Techfestival in Copenhagen takes humanity as the starting point for tech, and as litmus test for the usefulness and ethicality of tech. It therefore is somewhat grating to come across people talking about how to create a community for their tech to help it scale. Hearing that last week in Copenhagen a few times felt very much out of tune. Worse, I think It is an insulting way to talk about people you say you want to create value for.
Yes, some newly launched apps / platforms really are new places where communities can form that otherwise wouldn’t, because of geographic spread, shame, taboo or danger to make yourself visible in your local environment, or because you’re exploring things you’re still uncertain about yourself. All (niche) interests, the crazy ones, those who can’t fully express their own personality in their immediate environment benefit from the new spaces for interaction online tools have created. My own personal blog based peer network started like that: I was lonely in my role as a knowledge manager at the start of the ’00s, and online interaction and blogging brought me the global professional peer network I needed, and which wasn’t otherwise possible in the Netherlands at the time.
Techfestival’s central stage in Kødbyen, during an evening key-note
Otherwise, however, every single one of us already is part of communities. Their sports teams, neighbourhood, extended family, work context, causes, peer networks, alumni clubs, etc etc. Why doesn’t tech usually focus on me using it for my communities as is, and rather present itself as having me join a made up community whose raison d’etre is exploiting our attention for profit? That’s not community building, that’s extraction, instrumentalising your users, while dehumanising them along the way. To me it’s in those communities everyone is already part of where the scaling for technology is to be found. “Scaling does not scale” said Aza Raskin in his Techfestival keynote, and that resonates. I talked about the invisible hand of networks in response to demands for scaling when I talked about technology ‘smaller than us‘ and networked agency at SOTN18, and this probably is me saying the same again in a slightly different way. Scaling is in our human structures. Artists don’t scale, road building doesn’t scale but art and road networks are at scale. Communities don’t scale, they’re fine as they are, but they are the grain of scale, resulting in society which is at scale. Don’t seek to scale your tech, seek to let your tech reinforce societal scaling, our overlapping communities, our cultures. Let your tech be scaffolding for a richer expression of society.

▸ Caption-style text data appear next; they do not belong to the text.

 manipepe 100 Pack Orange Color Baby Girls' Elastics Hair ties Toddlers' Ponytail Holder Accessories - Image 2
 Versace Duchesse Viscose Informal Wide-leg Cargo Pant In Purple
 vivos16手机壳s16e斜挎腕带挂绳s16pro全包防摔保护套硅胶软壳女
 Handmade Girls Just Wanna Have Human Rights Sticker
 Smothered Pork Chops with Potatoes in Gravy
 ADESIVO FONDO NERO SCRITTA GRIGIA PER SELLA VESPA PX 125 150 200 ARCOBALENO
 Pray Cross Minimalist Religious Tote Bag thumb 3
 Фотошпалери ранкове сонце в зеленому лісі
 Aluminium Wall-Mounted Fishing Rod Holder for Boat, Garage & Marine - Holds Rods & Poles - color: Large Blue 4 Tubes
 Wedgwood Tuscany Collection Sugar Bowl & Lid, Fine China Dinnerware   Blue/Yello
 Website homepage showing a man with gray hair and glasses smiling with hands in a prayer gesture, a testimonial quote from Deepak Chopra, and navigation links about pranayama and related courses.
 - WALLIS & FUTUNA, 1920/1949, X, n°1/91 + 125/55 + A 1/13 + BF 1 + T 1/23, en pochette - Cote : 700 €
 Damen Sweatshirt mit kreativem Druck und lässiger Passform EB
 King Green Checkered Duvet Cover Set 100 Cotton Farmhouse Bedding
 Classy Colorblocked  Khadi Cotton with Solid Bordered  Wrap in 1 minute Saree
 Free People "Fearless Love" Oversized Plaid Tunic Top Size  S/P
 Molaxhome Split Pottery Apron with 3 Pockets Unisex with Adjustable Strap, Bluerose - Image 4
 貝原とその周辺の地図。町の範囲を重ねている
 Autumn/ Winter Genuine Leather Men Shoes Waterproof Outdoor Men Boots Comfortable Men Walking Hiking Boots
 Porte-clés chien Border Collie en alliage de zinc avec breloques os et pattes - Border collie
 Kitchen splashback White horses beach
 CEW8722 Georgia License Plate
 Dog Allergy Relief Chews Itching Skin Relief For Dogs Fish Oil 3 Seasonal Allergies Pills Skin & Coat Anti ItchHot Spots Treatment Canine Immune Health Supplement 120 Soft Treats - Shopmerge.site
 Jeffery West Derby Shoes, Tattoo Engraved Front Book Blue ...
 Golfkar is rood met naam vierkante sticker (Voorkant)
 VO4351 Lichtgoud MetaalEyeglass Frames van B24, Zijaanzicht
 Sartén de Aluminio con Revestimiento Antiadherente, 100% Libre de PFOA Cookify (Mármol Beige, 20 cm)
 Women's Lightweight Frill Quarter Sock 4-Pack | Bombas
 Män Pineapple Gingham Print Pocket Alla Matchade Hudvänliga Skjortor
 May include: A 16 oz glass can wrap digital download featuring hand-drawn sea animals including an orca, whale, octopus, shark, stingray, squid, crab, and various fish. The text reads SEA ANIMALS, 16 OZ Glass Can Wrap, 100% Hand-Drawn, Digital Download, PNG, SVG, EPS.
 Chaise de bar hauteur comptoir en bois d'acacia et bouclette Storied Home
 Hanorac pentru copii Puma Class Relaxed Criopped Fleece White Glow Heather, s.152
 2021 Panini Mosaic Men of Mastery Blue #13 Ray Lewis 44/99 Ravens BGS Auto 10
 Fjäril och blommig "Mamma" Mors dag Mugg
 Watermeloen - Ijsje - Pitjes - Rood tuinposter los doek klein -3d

Techfestival fits very much into that, and I hope it is what I brought to the work on the CPH150 pledge: the notion of human (group) agency. and the realisation that tech is not something on its own, but needs to be used in combination with methods and processes, in which you cannot ever ignore societal context. One of those processes is continuous reflection on your tech, right alongside the creation and implementation of your tech, for as long as it endures.
Our group of 150 working 24 hours on writing the TechPledge
Ton Zijlstra asks, “Why doesn’t tech usually focus on me using it for my communities as is, and rather present itself as having me join a made up community whose raison d’etre is exploiting our attention for profit?” It’s a good question, and some important considerations follow. “‘Scaling does not scale‘ said Aza Raskin in his Techfestival keynote, and that resonates.” Existing communities don’t need to scale; “they’re fine as they are.” So, “don’t seek to scale your tech, seek to let your tech reinforce societal scaling, our overlapping communities, our cultures. Let your tech be scaffolding for a richer expression of society.” Exactly.
On Being Human, Tech and the Abuse of Community: zylstra.org/blog/2019/09/o…
Over in Micro.blog’s “discover” feed (parenthetically, I’m again wondering if I should be over there instead of here on Write.as) I found these pretty great thoughts by Ton Zijlstra on technology, scaling, and community, in which he laments technologists “talking about how to create a community for their tech to help it scale”.
While crediting that, yes, some technologies help “communities … form that otherwise wouldn’t, because of geographic spread, shame, taboo or danger to make yourself visible in your local environment”, Zijlstra argues that tech perhaps should “focus on me using it for my communities as is, and rather present itself as having me join a made up community whose raison d’etre is exploiting our attention for profit”.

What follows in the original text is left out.